There have been many helpful resources that we covered this semester, but some of the biggest hits for me are listed below.


Annotated Bibliography:

Ingold, Tim. (2013). Making: Anthropology, archaeology, art, and architecture. (pp. 1-44). Routledge. Ingold’s quote of “It is to regard art, in the first place, as a discipline, which shares with anthropology a concern to reawaken our senses and to allow knowledge to grow from the inside of being in the unfolding of life” (21) struck me the most. This relates back to the Deleuzian act of becoming, where the process is in a continual state of transformation. The idea that art, anthropology, architecture, and archaeology can be best explored by being actively engaged with the processes and materials to be studied. There is a difference between knowing and doing. Ingold’s title “Knowing from the Inside” (24) is significant to his work because it references the idea that knowledge is best internalized by actions taken in self-discovery, compared to collecting data from the works of others. Ingold’s approach to materials and materiality is one of fluidity in which the form, function, and interaction is constantly in flux. His mention of alchemy made his point clear to me. The base material of an artefact is not inherently something that can be pinned down easily because it holds many variables in it’s chemical and physical composition. All things come from a base material, and could be recombined or altered to meet many purposes.

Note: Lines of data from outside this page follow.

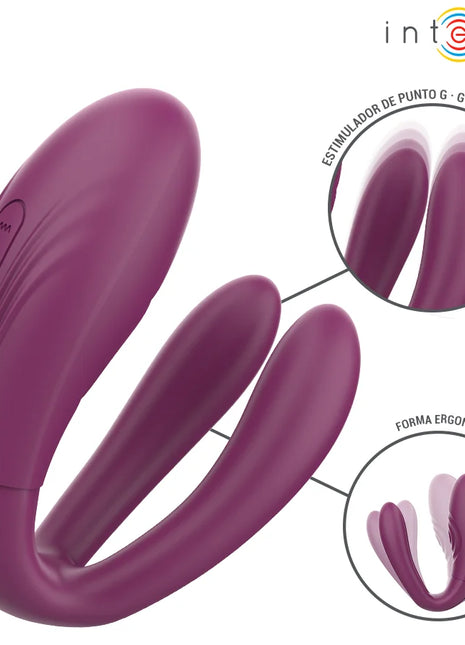 INTENSE - SANDRA KLAPPE- UND VIBRATIONSKLEMMSTIMULATOR MIT FERNBEDIENUNG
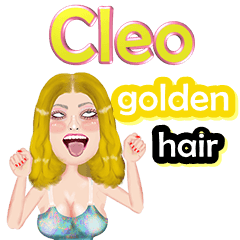 Cleo - golden hair - Big sticker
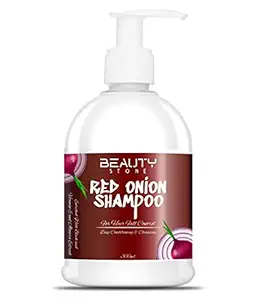 BeautyStone Red Onion Shampoo For Anti Hair Fall & Deep Cleansing (300ML)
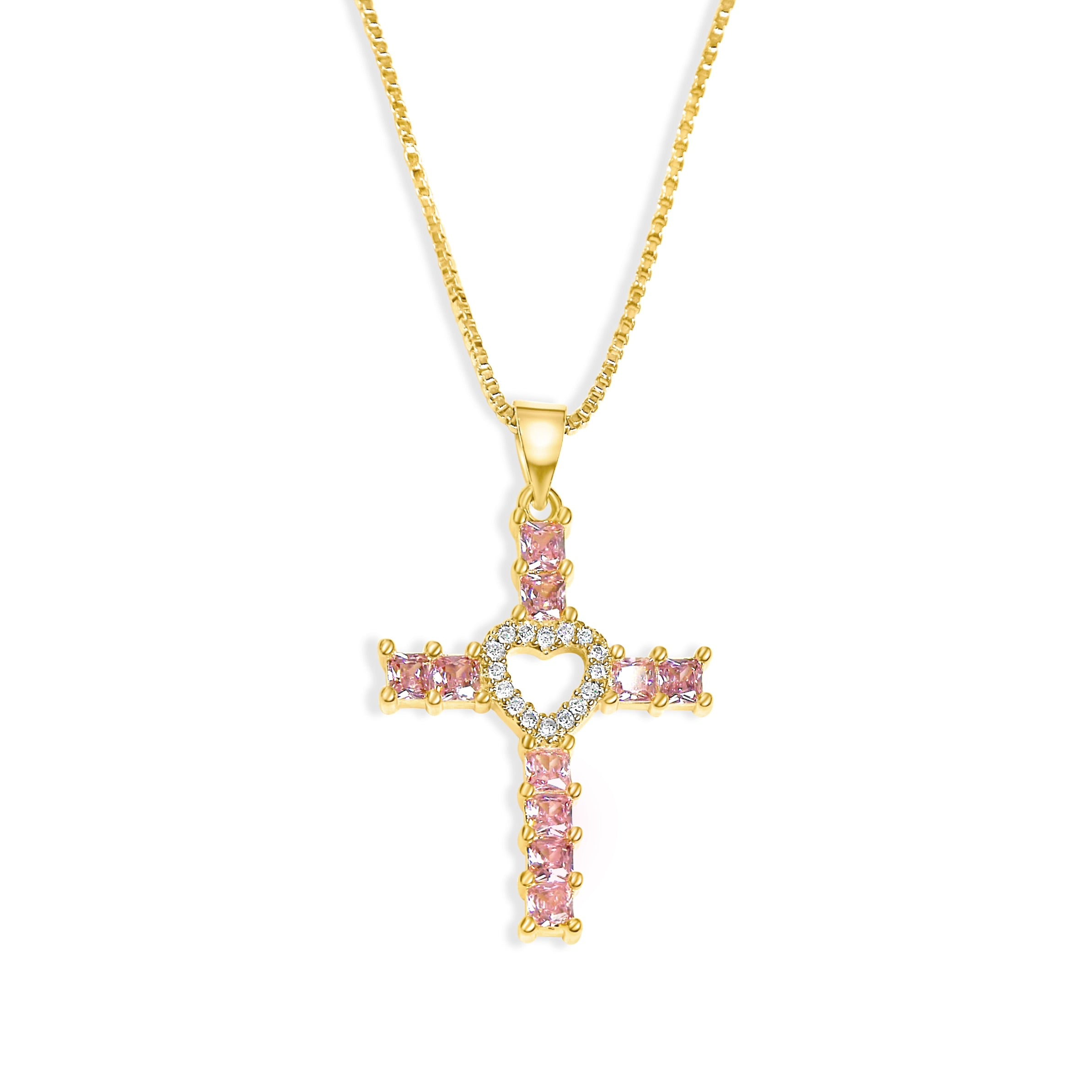 “Cross my heart” necklace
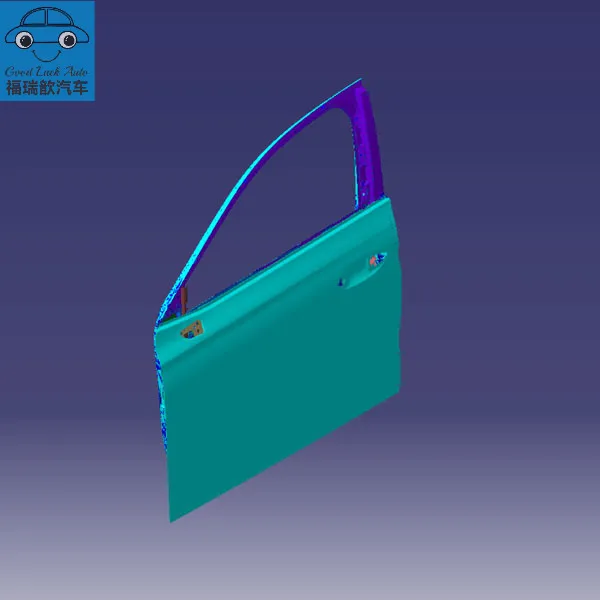 Left front door body panel assembly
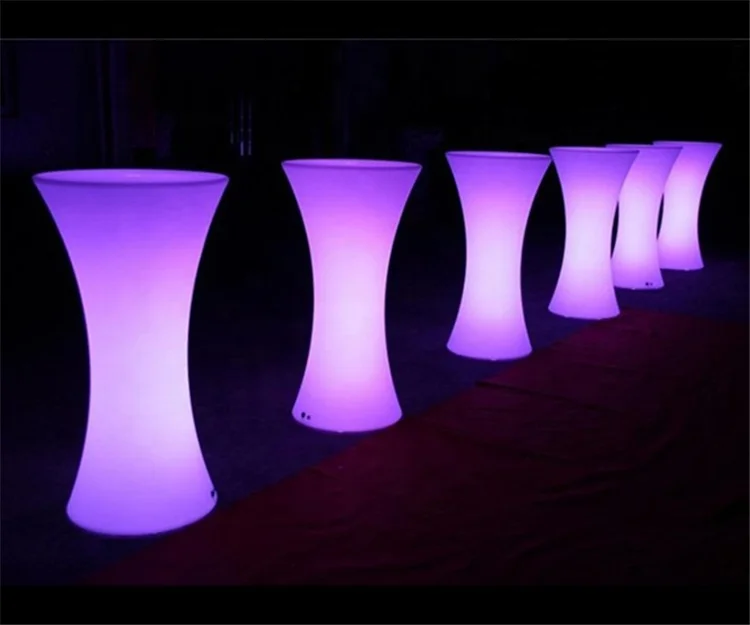Electronic Component Transistor Plastic Rechargeable Led Cocktail Bar Table For Night Club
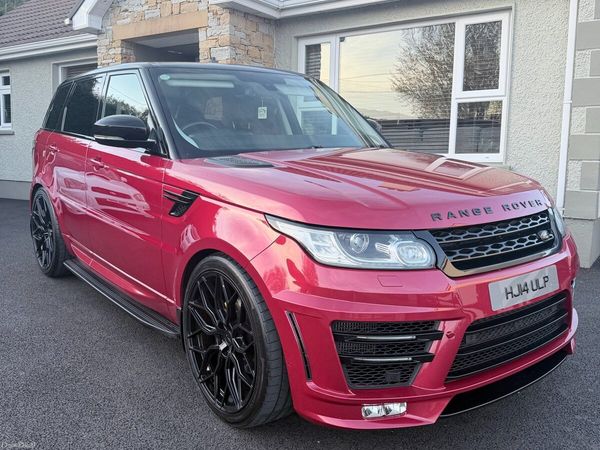 Land Rover Range Rover Sport SUV, Diesel, 2014, Red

Kaprow, Allan. (1997). Just Doing. TDR, Vol. 41, No. 3 (Autumn, 1997), pp. 101-106. https://coyotziculturia.files.wordpress.com/2011/05/kaprow_justdoing.pdf Kaprow explains several of his artmaking Happenings in which he or students were asked to engage in experimental art through ordinary spaces and occurrences. Alan Kaprow extends the idea of artmaking beyond the usual traditions of media and technique by his use of Happenings. His work focuses on the experience itself more than the product created. Similar to John Cage’s musical works, a Happening is something that lives only briefly and constructs its meaning not in brush strokes but in the memories of those who experienced it after the fact. The act of creating the work is not necessarily the artwork itself, but the act is integral to the art made in the lived experience of those involved. Kaprow explains that play is an essential part of experimentation, and it is different than “gaming” in that it does not have a winner or a loser. Play is not competitive, but often times collaborative. In Kaprow’s works it seems his interest in control is to guide the participant’s actions, while not specifically dictating the method in which they accomplish them. He relinquishes control of the participants to decide what the work means to them. Much like in everyday life, meaning is made in the mind of the person experiencing the event, and is rarely injected by an outside force. So does the works by Kaprow.

Walker, S.R. (2014). Artmaking and Sensation. Unpublished manuscript for Artmaking, Play, and Meaning-Making. Walker delves into the connections between the body, sensation, materiality, and art. artist Richard Serra created a verb list which ties in readily to experiencing the materials of artmaking, which is how Walker found herself working with these concepts. The premise put forth in this text explains that artists learn just as much, if not more, from the materials that are worked with as the instruction that may be provided. The writing covers the work of several art education students at OSU and some contemporary artists like Alfredo Jaar (Skogshall). An important point brought up in the reading explains that closure is needed for learning to be complete by verbally interacting about the experiences in artmaking. The artist must be reflective of what is learned and experienced as the materials work on the artist while the artist works with the materials. The interaction with materials teaches things subconsciously, and reflecting on the work causes the artist to bring the subconscious to the conscious. Another pedagogical point of note in this reading is that “Art should create its own reality rather than strive to re-present the real.” (40) This is more easily done by setting the conditions for an experience to be cultivated, instead of targeting specific emotions to pinpoint in the work created.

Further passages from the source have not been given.